Поздно, всего недели за две до Рождественского поста, но дождался-таки Егорьевск настоящей зимы. С утра захолодало, снег повалил сперва тяжелыми хлопьями, а потом, как переменился ветер – полетел густой мелкой крупой, мешая небо и землю. Весь день и всю ночь гуляла вьюга; и когда стихла – не стало видно ни грязи, ни льда на речке Чуйке, ни палых лиственничных игл. Кругом высокий плотный снег, осени будто и в помине не было, да и лета с весною тоже. Только зима – как в Сибири и положено.

Городок под белым снегом сразу встрепенулся и преисполнился делового духа. В собрании была устроена очередная «ассамблея» (как выразился г-н Петропавловский-Коронин, свысока относившийся к сим простодушным увеселениям, но, однако же, ни одного из них пока не пропустивший). Два заклятых дружка-подрядчика, Трифон Игнатьич да Викентий Савельич, которых сам Гордеев с весны не мог помирить, вдруг воспылали взаимной приязнью и решили на паях заняться рыбным промыслом – для чего отправились в Ишим, где и купили заранее постоянное место на Никольской ярмарке. Левонтий Макарович Златовратский объявил в подвластном ему училище конкурс на лучшее латинское сочинение – с наградой в виде огромнейшего тома Тита Ливия; претендентов на оный покамест не находилось, но Левонтий Макарович не терял надежды. Отец Михаил во время воскресной службы предъявил прихожанам новый антиминс – шедевр вышивального искусства поповны, освященный накануне владыкой Елпидифором. В то же воскресенье – первое по начале зимы – в Егорьевске народилось целых восемь младенцев мужского пола.

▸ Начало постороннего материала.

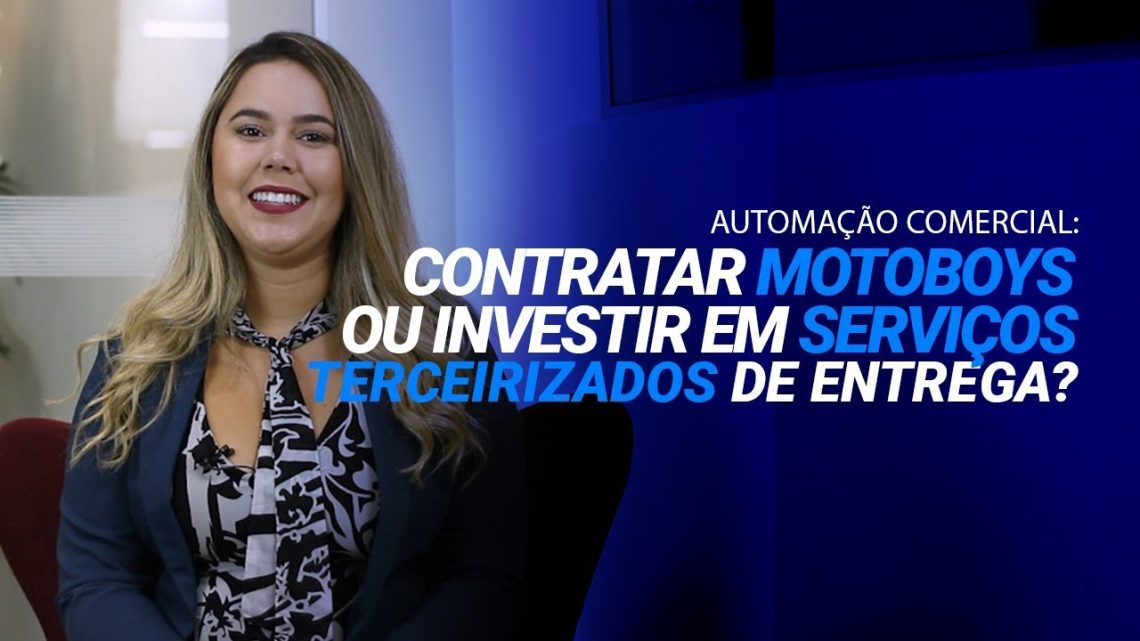 Contratar motoboys ou investir em serviços terceirizados de entrega? Contratar motoboys ou investir em serviços terceirizados de entrega?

Словом, жизнь кипела ключом! Новый гордеевский управляющий как мог старался вписаться в нее, и, надо сказать, это у него не так уж худо получалось. Кое-чему он и сам удивлялся – ну, например, что рабочие на прииске глядят на него с явным удовольствием, приветствуют издали и задают вопросы без подначек, а, наоборот – с надеждой. Еще более удивительным было то, что ему очень хотелось эти надежды оправдать! Но как? Дорогу замостить – Гордеев категорически заявил, что на это у него денег нет и вряд ли будет; да и не нужна уже дорога, зимой-то. Цены в лавке снизить? Это означало войну с остяком Алешей, к такому Серж еще никак не был готов. Но это – ладно, это все можно потом, главная проблема – иная. Почему никто из них до сих пор не додумался, как занять рабочих зимой? Мастерские какие-нибудь, промыслы подсобные… Ведь озвереют к весне от безденежья и безделья! Мысль казалась очевидной. Но развить ее дальше – конкретнее – почему-то не удавалось.

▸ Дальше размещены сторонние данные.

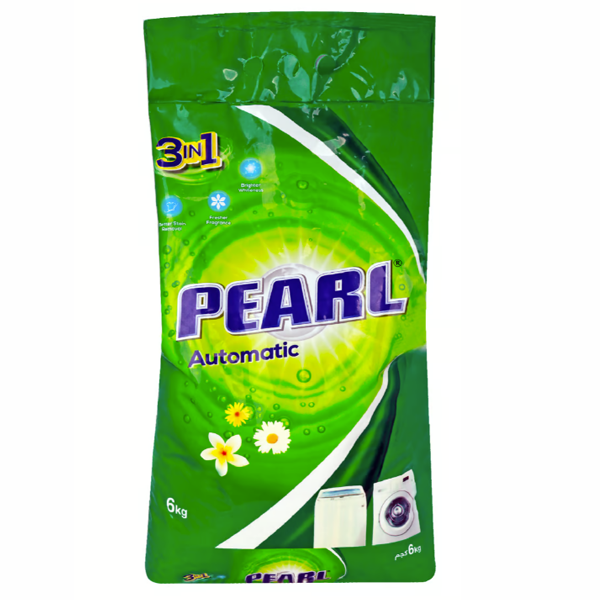 PEARL AUTOMATIC WASHING POWDER 6KG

Мешало удивление. Экий вы, господин Опалинский, альтруист! – он криво улыбался, глядя на красное солнце, нацепленное на верхушки лиственниц и вспоминая закатный пожар над тайгой. Что вам за дело, например, до Кольки Веселова с его чахоткой? До вдовы Алдошиной, которую Емельянов собирается выселить? Право слово: вместе с именем нацепил и шкуру – всю, целиком. Это юный Ермак Тимофеевич с прозрачной бородкой был таким страдателем-радетелем; он, а теперь и вы. А бессердечный Серж Дубравин жухнет, рассыпается и пропадает, как прошлогодний лист.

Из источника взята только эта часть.